Due to great trans-Atlantic distances from the islands few natural mammals species exist on the islands of the Azores. Those animals that live on Monte Brasil, therefore were stowaways on ancient ships from Europe, introduced into the islands for game food or species that were blown out to sea: these include rat (Rattus rattus), least weasels (Mustela nivalis), rabbit (Oryctolagus cuniculus) and the endemic Azorean bat (Nyctalus azoreum).

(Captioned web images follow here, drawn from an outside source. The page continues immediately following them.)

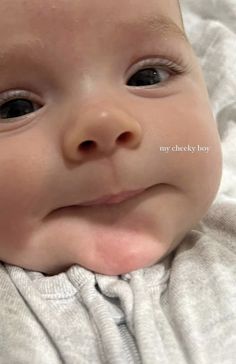 a close up of a baby smiling at the camera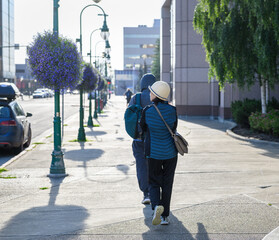 Tourists walking on the  pedestrian sidewalk at downtown Anchorage. Purple flower baskets hanging...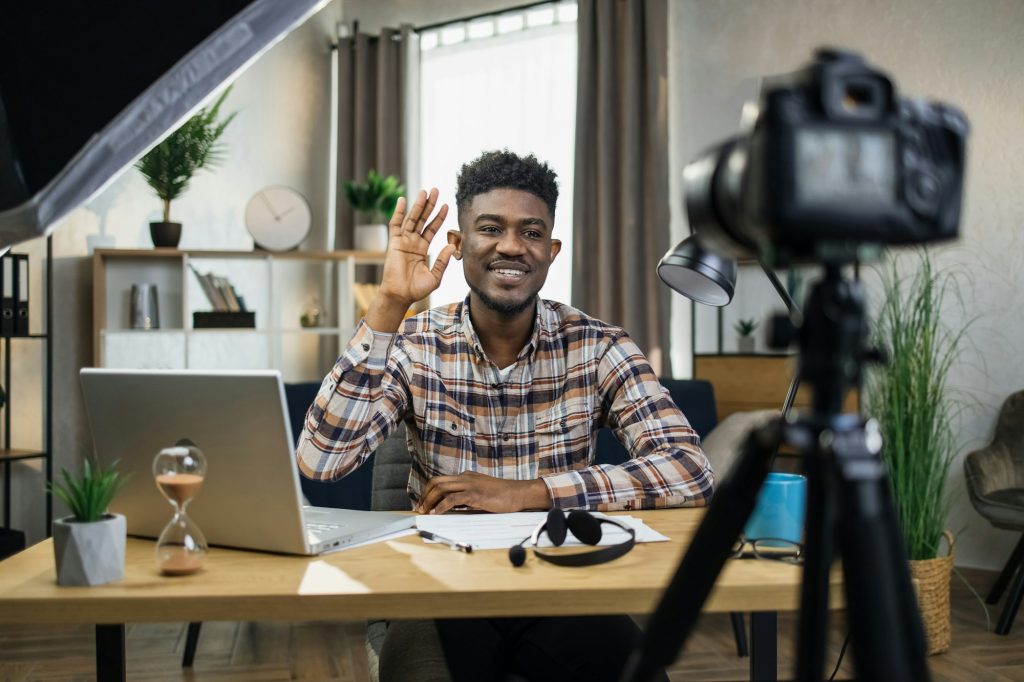 African man recording educational seminar on video camera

Of the sedentary bird species the hawk (Buteo buteo rothschild) is the most notable, along with the Atlantic canary (Serinus canaria), common House Sparrow (Passer domesticus), Rock Dove (Columba livia), Atlantic European Goldfinch (Carduelis carduelis parva) and the Azorean subspecies of Common blackbird (Turdus merula azorensis). Migratory and marine birds are more common in the islands of the Azores, resulting in the identification of several species including approximately 37 nesting species on Monte Brasil annually (28 land and eight marine species). During the summer, and especially along the mount's southern coast there are large bands of nesting species of Cory's Shearwater (Calonectris diomedea), Common Tern (Sterna hirundo), and the ubiquitous Caspian Gull (Larus cachinnans).